[THE TASK] From the first line to the last, repeat the data exactly and drop the pictures.

[Items from a dataset]
- - -

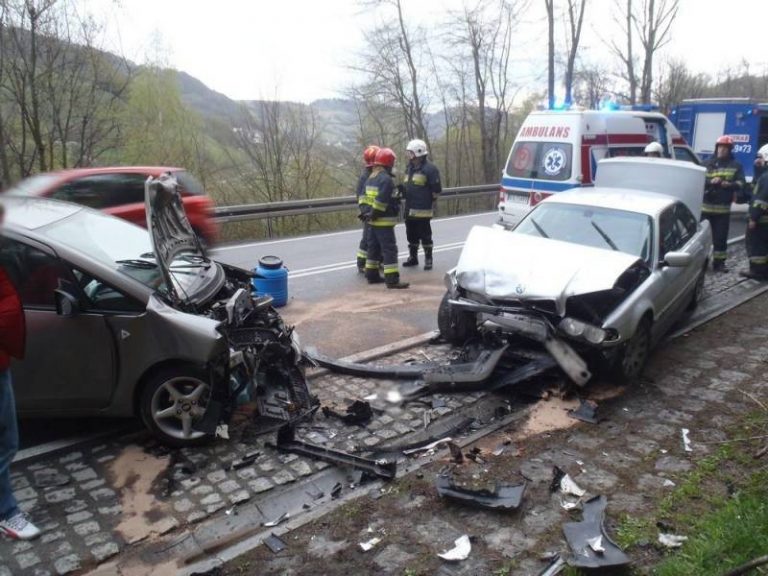 Obłazy Ryterskie, Bilsko: pechowy „trzynasty” na drogach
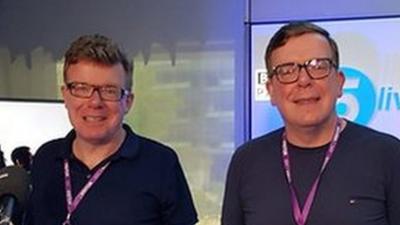 The Proclaimers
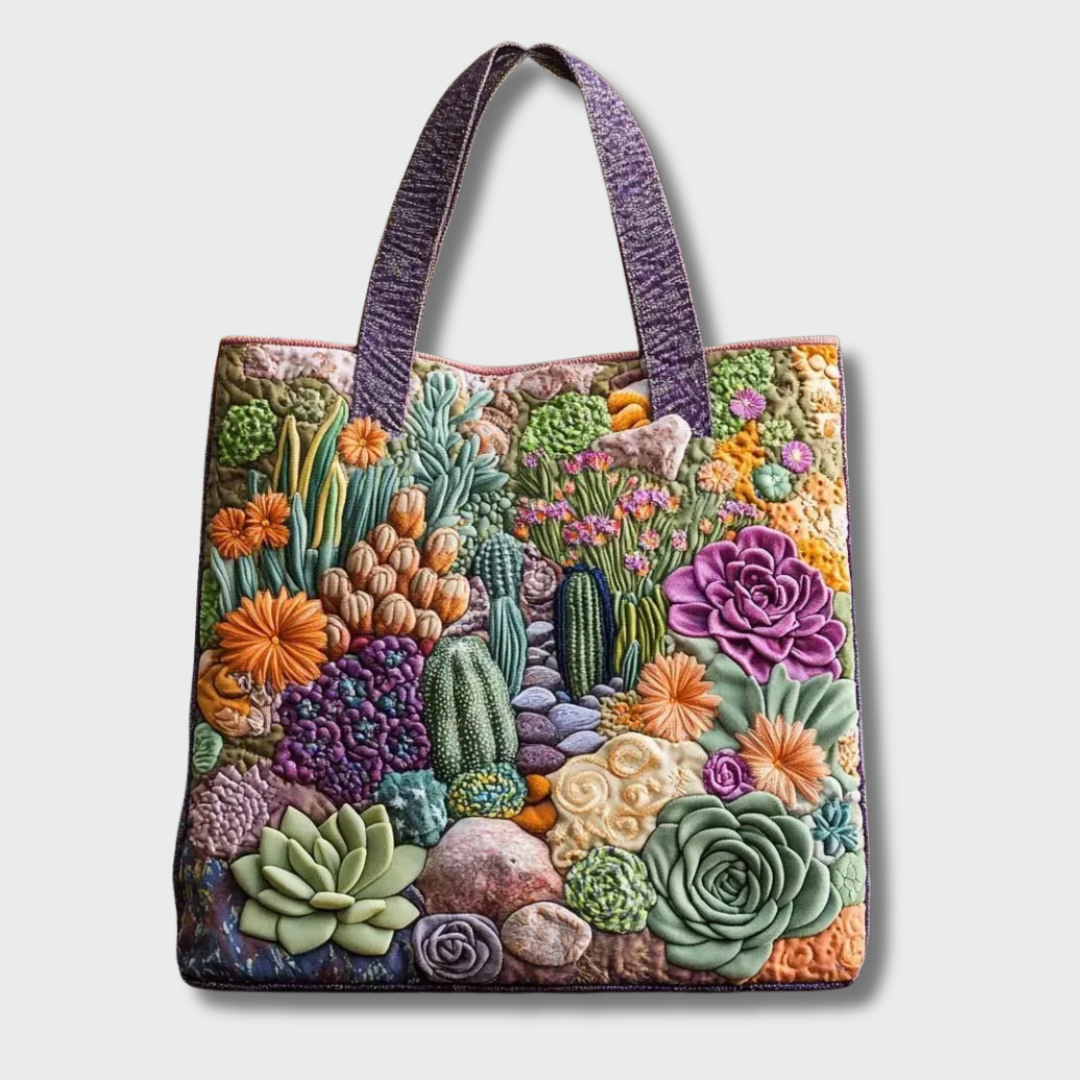 Kinsley | Bolsa acolchada suave hecha a mano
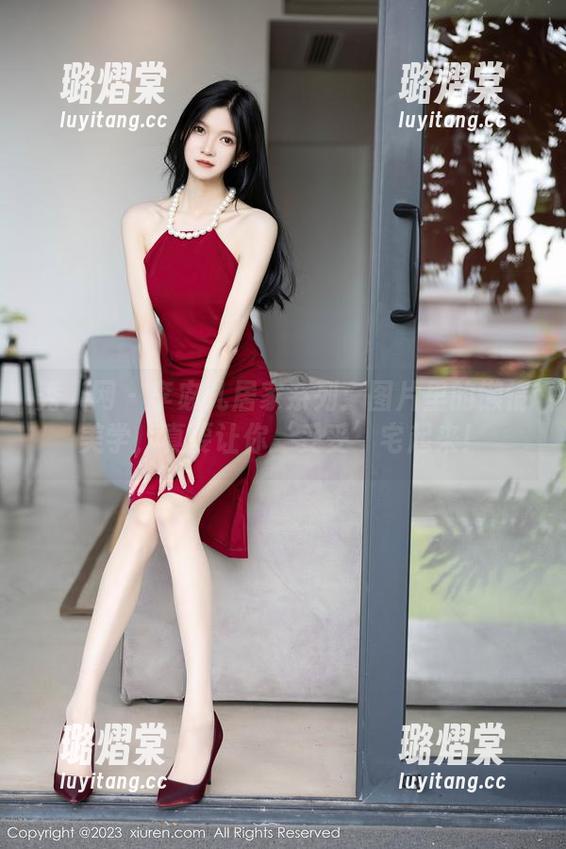 秀人网-李宓儿 秀人网 - 李宓儿居家系列:图片里的懒惰美学,真要让你‘妥妥’宅起来!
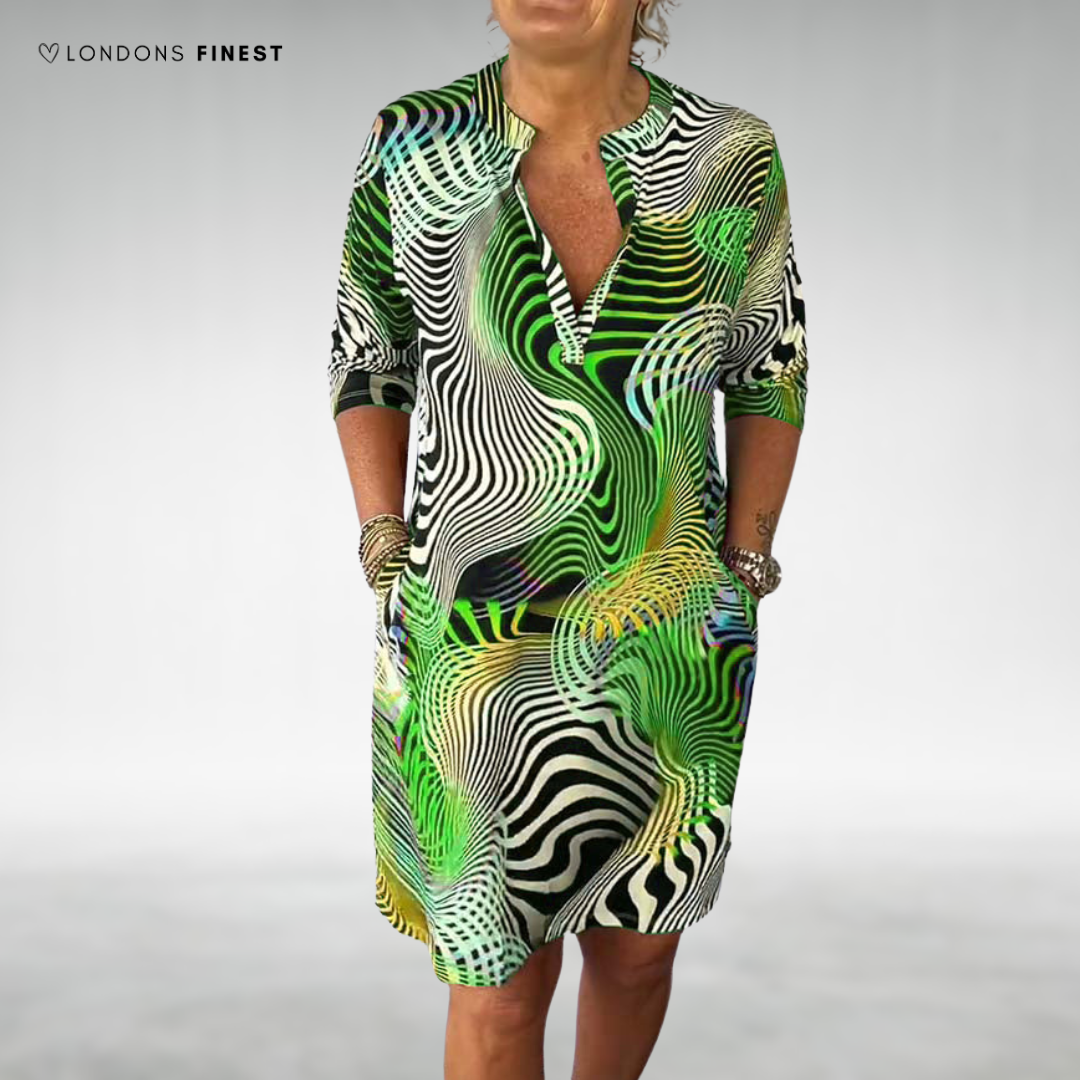 Kristine™ Elegant Women's Dress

- - -

[OUTPUT BELOW]
 Obłazy Ryterskie, Bilsko: pechowy „trzynasty” na drogach
 The Proclaimers
 Kinsley | Bolsa acolchada suave hecha a mano
 秀人网-李宓儿 秀人网 - 李宓儿居家系列:图片里的懒惰美学,真要让你‘妥妥’宅起来!
 Kristine™ Elegant Women's Dress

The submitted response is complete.